8. Adopt acceptable user policies and engage with employees
Ensure that your firm has acceptable user policies to cover your employees’ home computers and IT . If not already there, you’ll need to quickly get up to speed enabling employee’s personal computers to be used for remote access. You may need to work with your attorneys and tax advisors to see if the use of employees personal computers and phones mandate a need for reimbursement. If your firm deals with highly sensitive or compliance data you may need to provision laptop or remote access to desktop. Once the initial IT infrastructure is set up, retaining longer term productivity requires maintaining employee morale and motivation. Here are some tips for your remote workers to keep them engaged:
► Use video in WebEx wherever possible
► Have a buffer time between meetings, so you can better prepare and adjust for your next meeting
► Ping team members to say “Hi!” in between meetings
► Complete your morning routine and structure your day as If you were going into the office
► Take clear breaks
► Set a definitive finishing time to your day
► Stay organized and keep the supplies you use often within reach
► Stay active!
9. Adapt and explore new opportunities
Every major crisis brings challenges as well as opportunities. Businesses who adapt to the new realities, find new ways to engage with customers and can deliver value among the new realities find new avenues of growth.
Consumer demand has almost entirely shifted digital now.

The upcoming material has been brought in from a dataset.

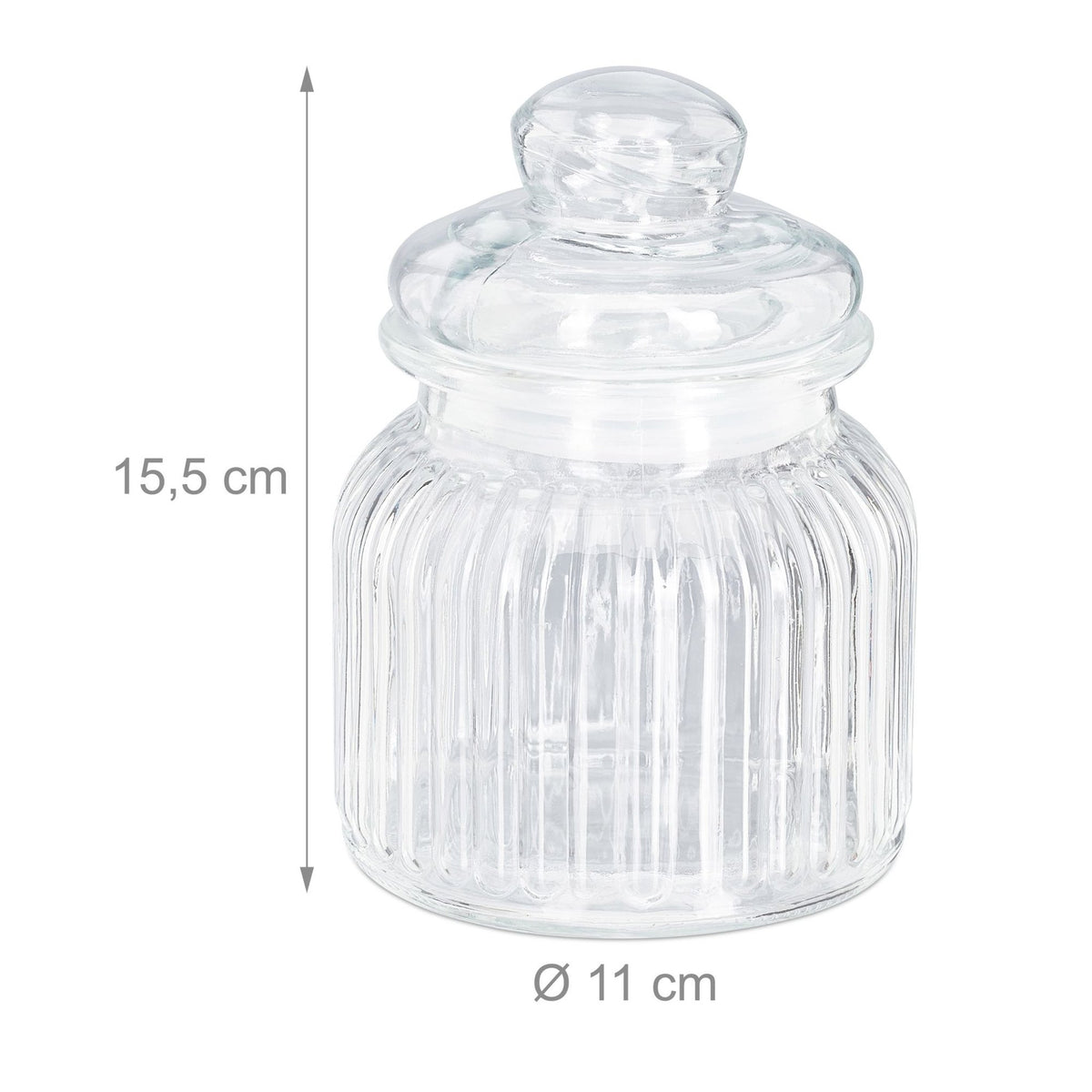 Glass jars 6-pack 700 ml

Companies who are ahead in the digital curve are fully positioned to serve that demand. Amazon is hiring 100,000 employees to meet the surge in demand. Business who have invested in digital transformation will likely be clear winner.
Also, as per various industry analysis, some of the changes in the consumer behavior resulting from current environment may be permanent. For example, improvement of digital capabilities and prolonged engagement through digital channel can shift consumer habits for certain categories to mostly online in the long run. So, businesses who would wait and expect a turnaround after the pandemic may never get those consumers back.
So once the immediate shock is settled, businesses may be better off evaluating their digital capabilities, analyze economic and industry trend, benchmark with competition and investment in digital capabilities to prepare for the future.
10. Planning for the future
While this is a stressful time given the uncertainties, it’s also time to evaluate how well your organization is prepared for emergencies like this. The purpose of BCP (Business Continuity Planning) is to prepare for unforeseen situations. So if your IT is scrambling to get your remote team productive, it’s probably time think of the effectiveness of your current IT services. Many of our clients with best practice BCP conduct regular dry runs of remote workflow mobilization. Such clients are operating at with full capacity and exploring how to leverage their strategic advantage to increase market share (while their competitors are struggling just to get up and running).
Adapting to this new reality is difficult, but a strategic IT partner can help your business stay productive in such unforeseen circumstances, and enable you to engage with your customers in new and innovative ways to sustain your business in this challenging time.